El béisbol suele regalar guiones inverosímiles, pero lo vivido por el dominicano Joshua Báez en Wrigley Field supera la ficción. El joven jardinero de los Cardenales de San Luis no solo firmó el debut más deslumbrante en la historia de las Grandes Ligas al conectar tres jonrones en su primer partido, sino que lo hizo vistiendo calzado prestado.
Esas mismas zapatillas ahora tienen un destino sagrado: el Salón de la Fama del Béisbol en Cooperstown.
La historia comenzó el sábado en el vestidor visitante. Báez, el tercer mejor prospecto de la organización, llegó a su esperado estreno en Las Mayores con unos tacos sucios y guantes blancos. Al notarlo, su compañero Bryan Torres intervino de inmediato bajo una premisa clara: "Si te ves bien, te sientes bien, juegas bien". La urgencia por conseguir una vestimenta roja a la altura de la ocasión desató la búsqueda de unos tacos talla 12.
Torres encontró un par impoluto en el casillero del prospecto Blaze Jordan. Entre un cinturón rojo cedido por los preparadores físicos y guantes prestados por el infielder dominicano José Fermín, armaron el uniforme del debutante. Cuando Jordan se enteró del préstamo improvisado, no dudó en regalarle el calzado a Báez.
Lo que siguió fue pura magia beisbolera. En el primer pitcheo que vio en Grandes Ligas, Báez envió una recta a 449 pies al jardín central. Volvió a desaparecer la pelota en la tercera entrada y repitió la dosis en la sexta, convirtiéndose en el primer jugador en la historia de la MLB en disparar tres cuadrangulares en sus primeros tres turnos al bate en su debut.

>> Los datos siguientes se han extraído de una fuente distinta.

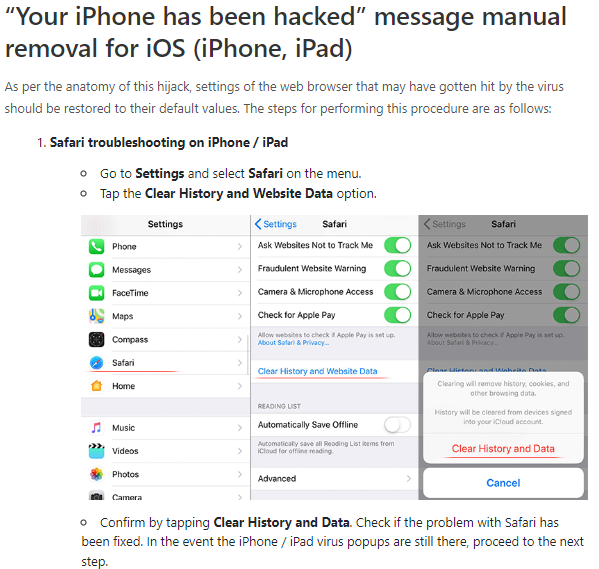 Here's The Truth Behind 'iPhone Hacked' PopUp Notification Newschecker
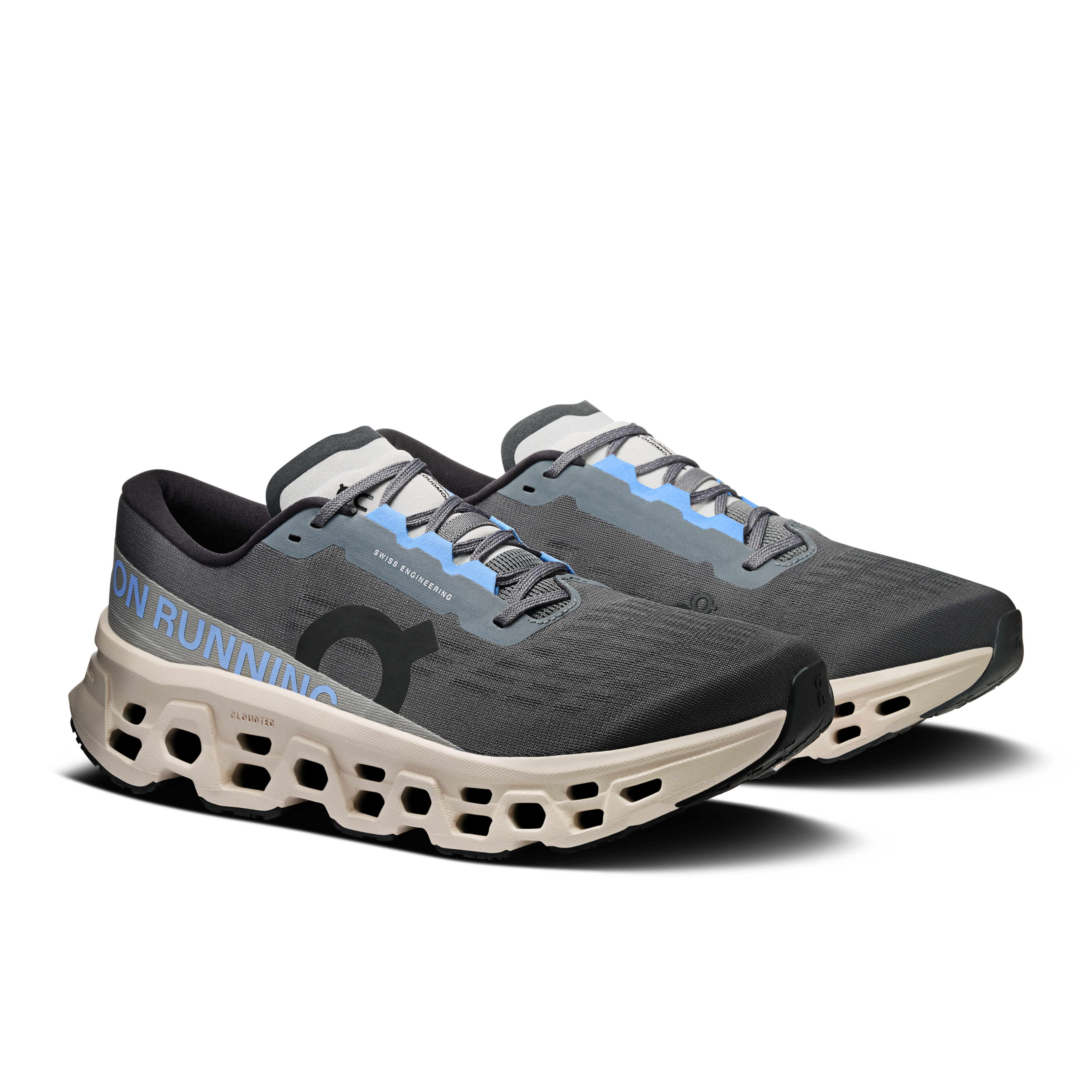 Men's Cloudmonster 3 (Rock/Silver)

Para el domingo por la tarde, se confirmó que las zapatillas serían donadas al museo de Cooperstown para inmortalizar la hazaña.
Contento con la colaboración
El detalle anecdótico es que el calzado lleva grabado el nombre "Jordan" en su interior. Lejos de molestarse por perder un par de tacos en perfecto estado, Blaze Jordan celebró la coincidencia con humor: "Es genial, porque las botas tienen mi nombre por dentro. Así puedo poner mi nombre en el Salón de la Fama gracias a Báez. Espero que no lo quiten".
En menos de 48 horas, entre casi 30 familiares festejando en las tribunas, muy pocas horas de sueño y la recuperación de las pelotas de sus primeros dos batazos, Báez escribió una página dorada en el béisbol y metió al Salón de la Fama unas zapatillas que ni siquiera eran suyas.
Según Báez, las pelotas de sus dos primeros jonrones ya fueron recuperadas y las llevará a su casa, aunque la tercera seguía desaparecida hasta el domingo por la mañana. Apenas ha tenido tiempo de asimilar todo lo demás.
"No he dormido mucho en las últimas 48 horas", dijo Báez. "Simplemente lo estoy disfrutando".